My fifth element is about prevention:the prevention of refugee flows through the promotion of human rights, better governance and economic development. Respect of human rights in general, and the protection of minority rights in particular, are crucial for greater stability. Without that respect and protection, minorities and other groups will feel increasingly marginalised and exploited, and could be provoked into seeking escape in virulent forms of nationalism and sectarianism. We must be as vigilant about the right of people to remain where they are, as we have been about the right of people to seek asylum. The international human rights machinery, which was long paralysed by ideological confrontation, must now be used to greater effect to hold governments accountable for abuses.
At the same time, western governments must look beyond their traditional emphasis on political and civil rights and broaden their receptivity to economic and social rights.

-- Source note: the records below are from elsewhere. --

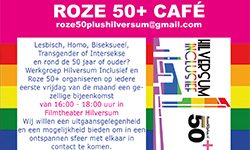 Roze50+ Café op 6 septem in Filmhuis Hilversum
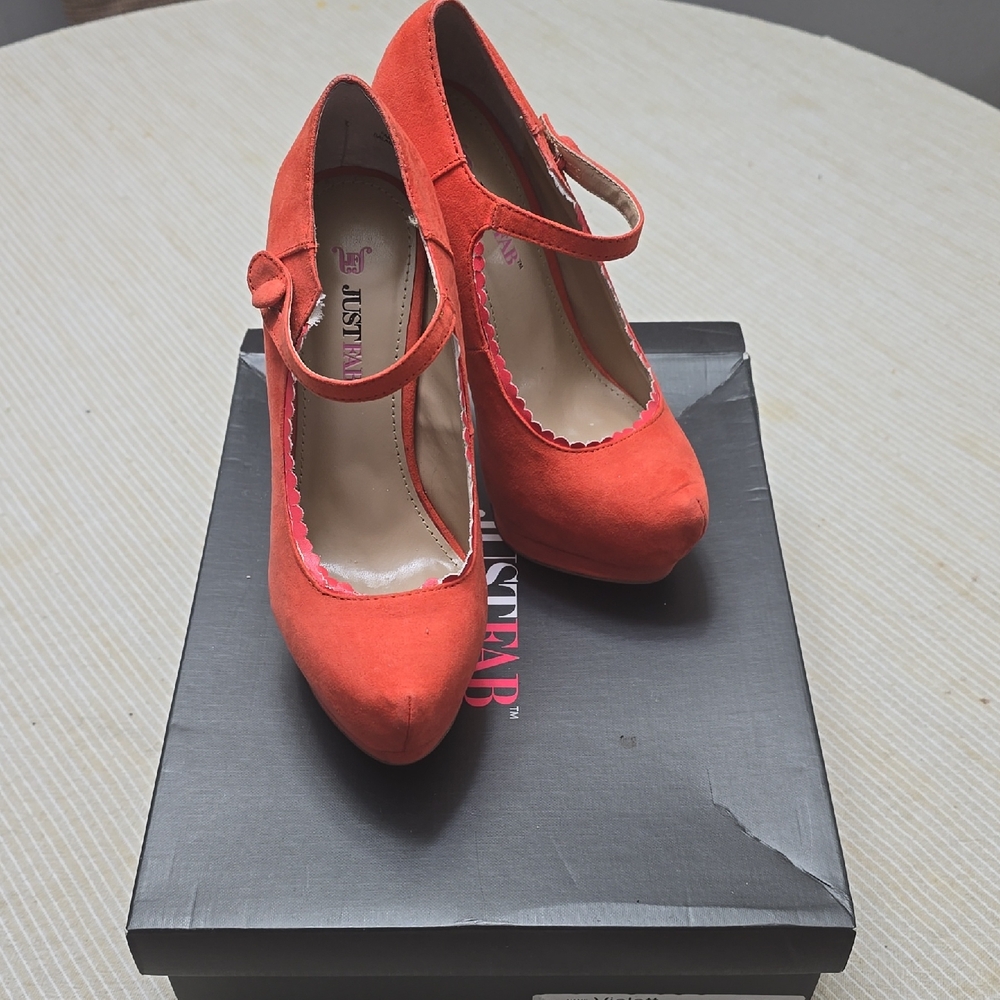 JustFab Women's Coral Mary Jane Heels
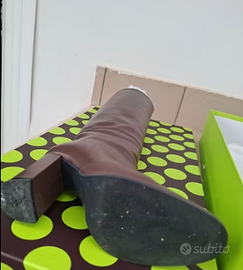 Stivale donna 36 cioccolato "Il Laccio"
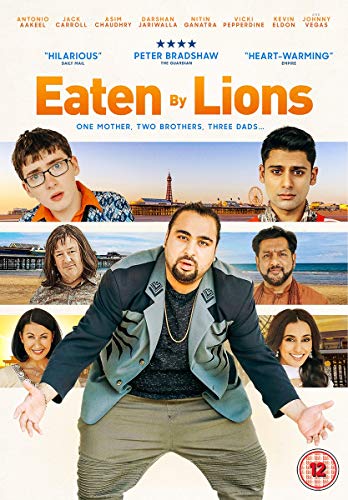 "Eaten By Lions" DVD cover featuring a man and six other people's faces.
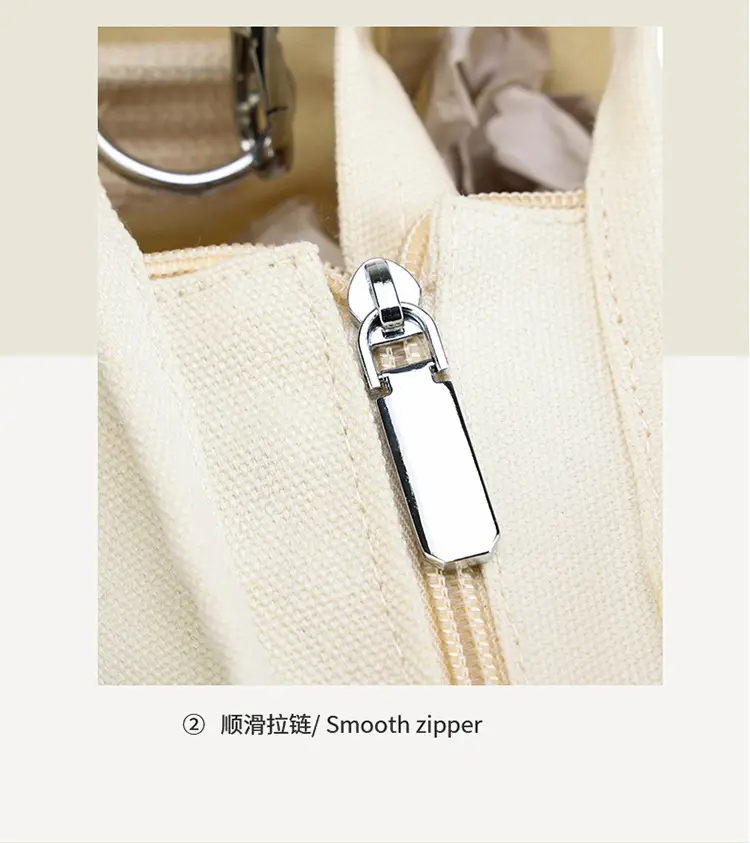 Blue Japanese Style Women's Canvas Tote Bag Large Capacity — feature 11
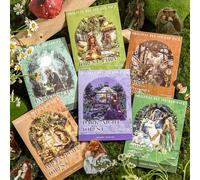 Alideco 240pcs Scrapbook Stickers Vintage Forest Fantasy Scrapbooking Junk Journal Crafts Embelishment Decoration Stickers (senlinhuanxiang)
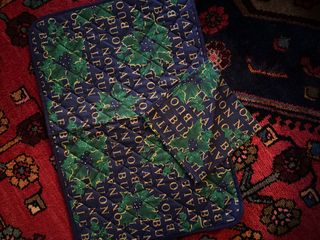 Tovaglietta imbottita e tovagliolo abbinato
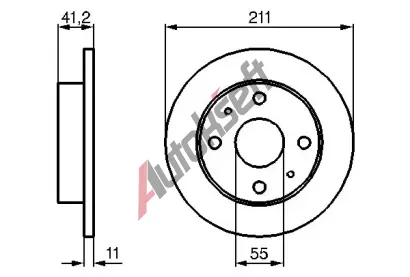 BOSCH Brzdov kotou - 211 mm BO 0986479119, 0 986 479 119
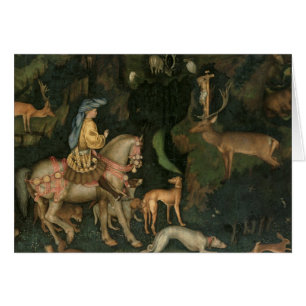 Cartão A visão de St. Eustachius, c.1438-42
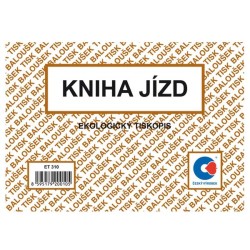 Kniha jízd ET310, A6, 3x52listů,3ks, cena za 1ks, Baloušek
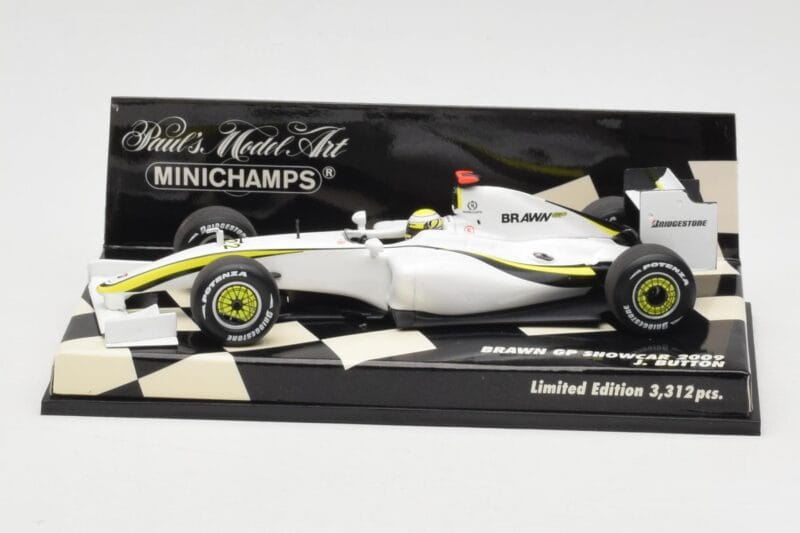 Brawn GP Mercedes BGP001 #22 J. Button Showcar 2009 Minichamps 1:43 400090092 Druckguss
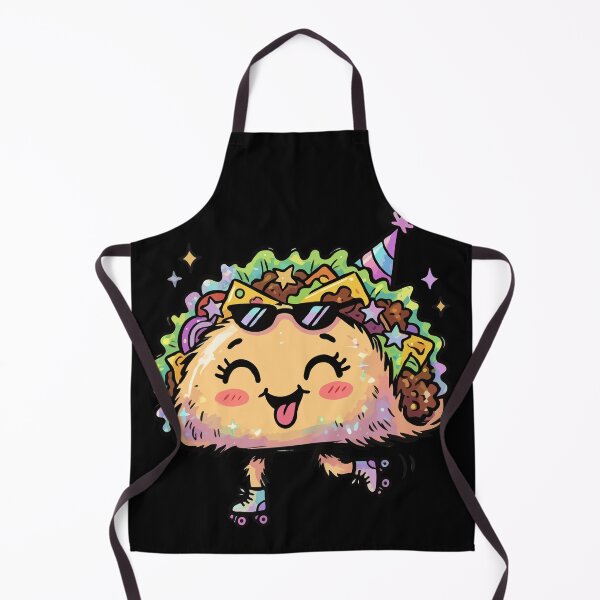 Item preview, Roller Skating Iridescent Party Taco designed and sold by Emegan Print Art.
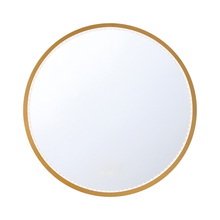  48094-023 - Cerissa 30" Round Mirror in Gold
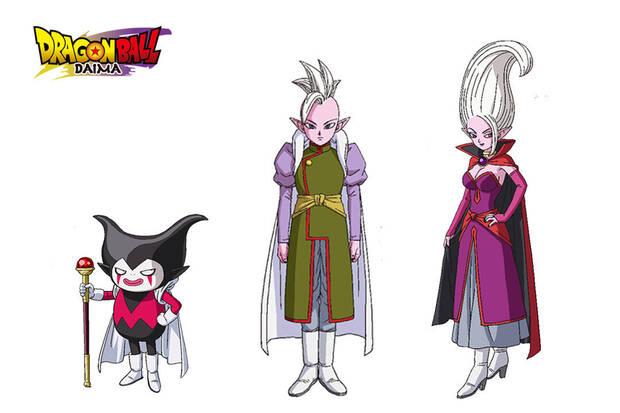 nuevos personajes de dragon ball daima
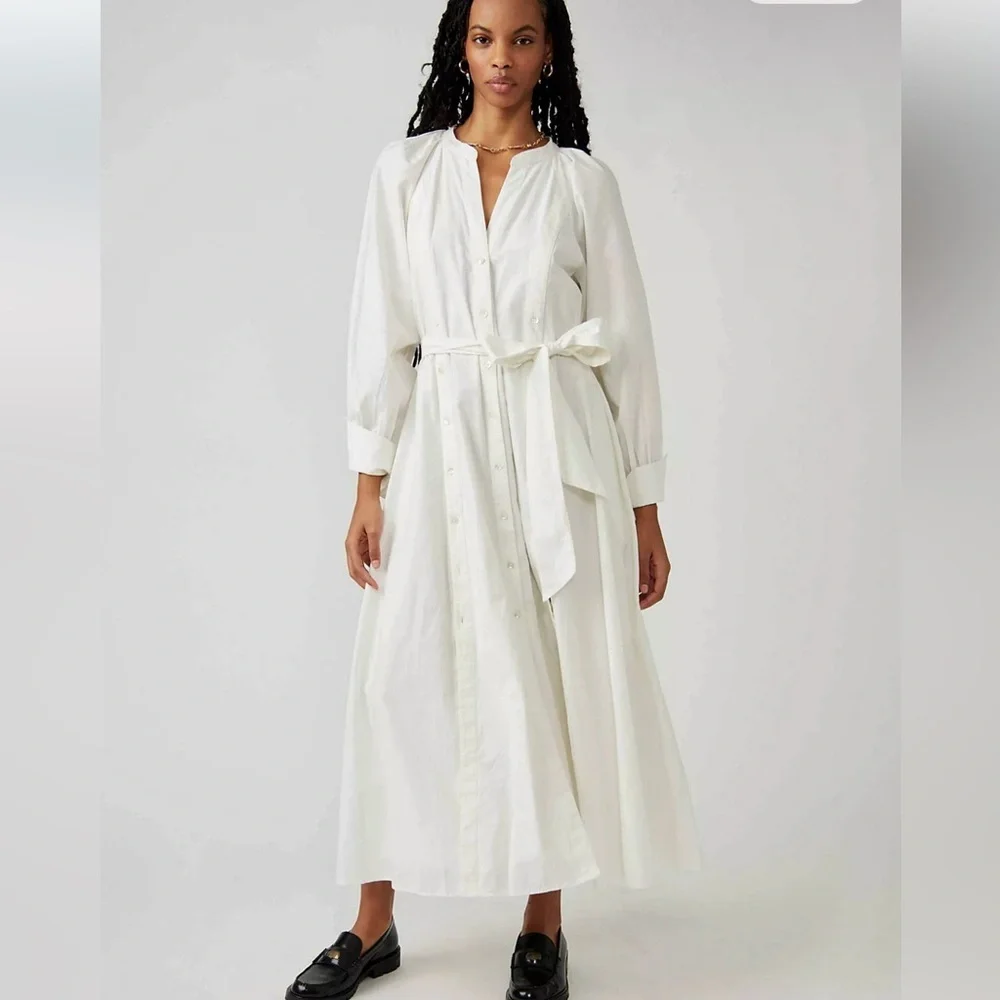 Free People Charlie Maxi Shirt Dress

Poverty not only creates migratory pressures but also leads to unrest and social upheavals which in turn may result in refugee flows. Development assistance, with an emphasis on priority human needs, including job creation, poverty alleviation, education and health could help to reduce some migratory pressure. In fact I would urge development cooperation policy makers to include migration considerations as part of a larger international cooperative effort encompassing aid, trade and investment.
The sixth and final element is public information. Today, television beams the life-style of the west into the homes of the poor, generating new expectations and aspirations. It must be balanced with accurate information so that individuals who wish to leave their country can make an educated decision after weighing the consequences of movement against the possibility of staying at home. A massive UNHCR information campaign in Vietnam has played a significant part in directing those who want to leave towards orderly migration programmes rather than risking their lives in dangerous boat journeys. In Albania, UNHCR is cooperating with the International Organisation of Migration in a similar campaign to reduce illegal migration.
Information can be used also to create a more positive understanding of the plight of refugees in asylum countries. Public opinion and public policy are shaped by mass media and the statements of policy makers. Not only the media, but also academic institutions and non-governmental organisations have an important role to play in building support for refugees.
In concluding, let me stress that we need the demonstration of strong political will to build a truly coherent and coordinated response to population movements. We have to look beyond parochial national interests. The new climate of multilateralism offers hope for the way forward. We must seize this rare moment in history.